Prohibited structure: Cypriot company (CyCo) is the holding company of a BVI body corporate (BVICo)

In the scenario above we consider a CyCo which is the holding company of the BVICo. The BVICo proposes to acquire shares in the CyCo. This situation would fall within the Prohibition, as the acquisition of CyCo shares by the BVICo would amount to the body corporate acquiring shares in a Cypriot company which is its holding company and any allotment or transfer of the CyCo shares to the BVICo would be void.

BVICo is the holding company of CyCo

In the scenario above we consider a BVICo which is the holding company of the CyCo. The CyCo proposes to acquire shares in the BVICo. This situation would not fall within the Prohibition and is permitted, as the acquisition of BVICo shares by the CyCo does not amount to a body corporate acquiring shares in a Cypriot company which is its holding company. Had the CyCo been acquiring shares in a Cypriot company, the Prohibition would have applied.

Exceptions

There are a number of exceptions to the Prohibition contained in Companies Law, for example, the provisions allowing public companies to purchase their own shares in section 57A either directly or through a person acting in his own name on behalf of the company, the rules for a body corporate to acquire shares in a public company in section 57F and the exceptions contained in section 28, applicable when trustee companies/nominees are involved in the structure. As our focus is on private companies, we will explore the exceptions contained in section 28, which are as follows:

  1. The Prohibition will not apply where the subsidiary will acquire its holding company's shares in its capacity as a personal representative/trustee, provided that (i) the holding company or a subsidiary thereof is not beneficially interested under the trust; and (ii) the holding company or subsidiary thereof is not interested only by way of security for the purposes of a transaction which it has entered into in the ordinary course of its business involving the lending of money.
  2. If a subsidiary was already a member of its holding company prior to the Companies Law coming into force, it may continue to be a member, however it will have no right to vote at a general meeting of the holding company, nor a meeting of any class of members of the holding company.

For the sake of clarity, although exception 1 above allows the subsidiary to acquire shares in its holding company as a personal representative or trustee for a person other than its holding company or a subsidiary thereof, it would be prohibited for a nominee of the subsidiary to acquire shares in the holding company on the subsidiary's behalf if such acquisition by the subsidiary would fall within the Prohibition as per the examples above.

Conclusion

Therefore, when considering whether your subsidiary may acquire shares in its holding company you must consider:

  1. whether you have a structure, the entities in which, fall within the definitions of 'subsidiary' and 'holding company'; if yes,
  2. whether your structure is a permitted structure, or whether it is captured by the Prohibition; and if so,
  3. whether your structure falls within the exceptions discussed above and thus may be permitted.

Footnotes

1In this article we have considered private limited companies only. For information on the restrictions placed on public companies, please contact the authors.

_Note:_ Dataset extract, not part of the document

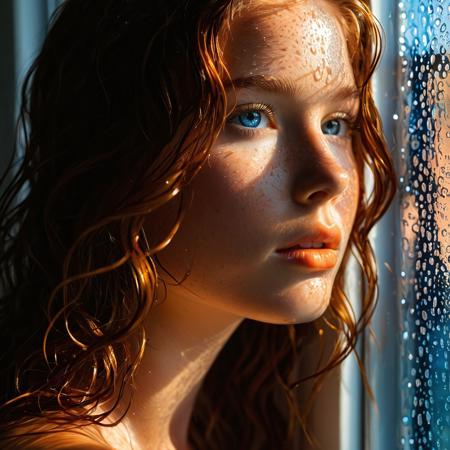 A close-up portrait of a young woman with wet hair, looking out of the window, her face softly illuminated by dappled light filtered through the window. The intricate shadows create an artistic, ethereal effect on her skin, highlighting her striking blue eyes and natural freckles. Her lips are slightly parted, with a subtle orange hue, while the overall tone of the image conveys a serene and introspective mood, blending warm sunlight with cool blue tones for contrast. The window has a symmetrical glass frame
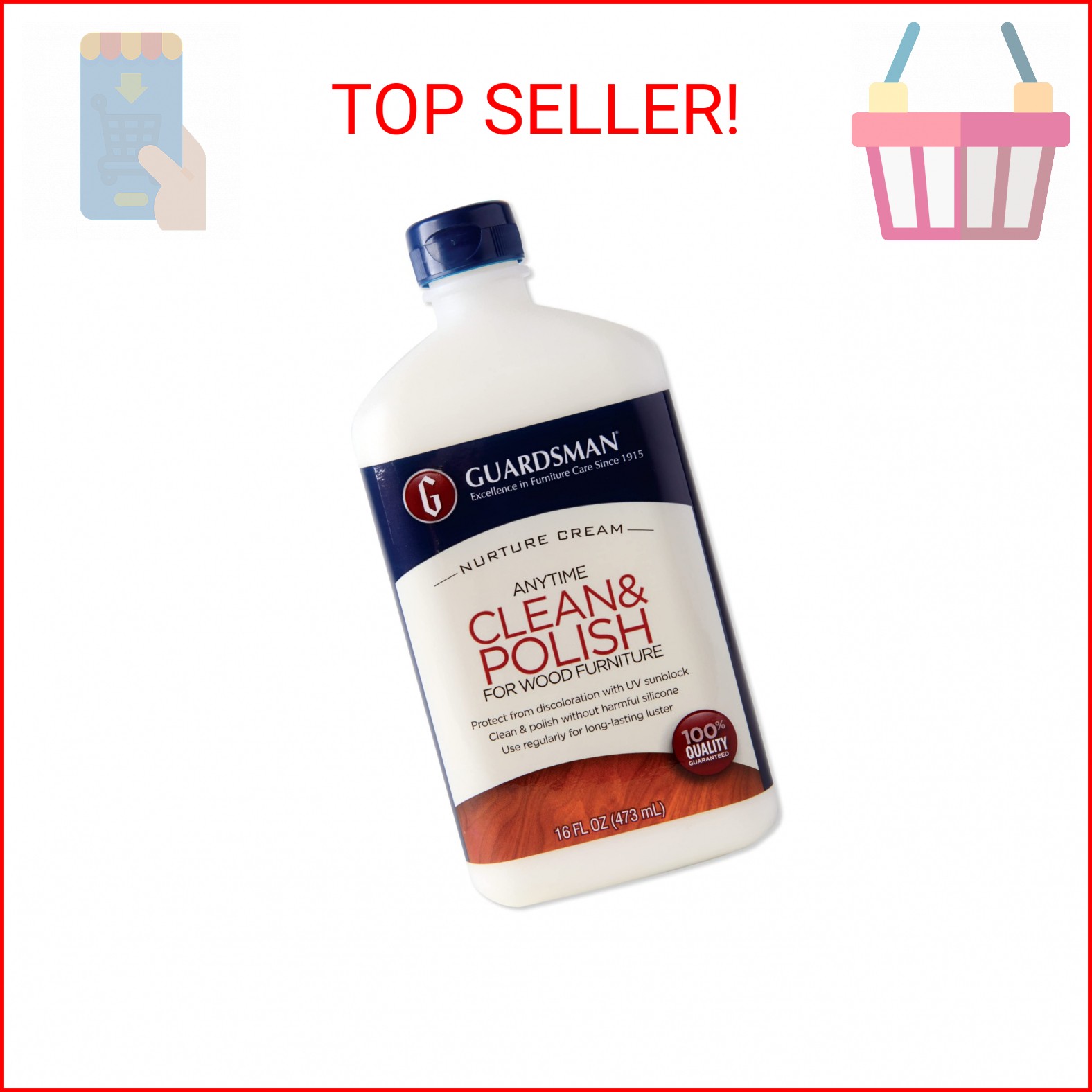 Guardsman Clean & Polish For Wood Furniture – Cream Polish 16.9 oz – Silicone Fr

2 "Body corporate" is reference to any legal person, whether a Cypriot company or a foreign legal entity.

3 "company" is reference to a Cypriot company.

4 "holding company" is reference to a body corporate which shall be deemed to be another's holding company if, but only if, that other is its subsidiary.

5 "subsidiary" is reference to a body corporate which, is the subsidiary of another (for the purpose of this definition defined as the "TopCo"), only if:

1. The TopCo is either:

(a) a member of the body corporate and controls the composition of its board of directors; or

(b) holds the majority of the voting rights in the body corporate; or

(c) is a member of it and holds the majority of voting rights of its members by virtue of an agreement concluded with its other members.

2. The first mentioned body corporate is a subsidiary of any body corporate which is the TopCo's subsidiary.

The content of this article is intended to provide a general guide to the subject matter. Specialist advice should be sought about your specific circumstances.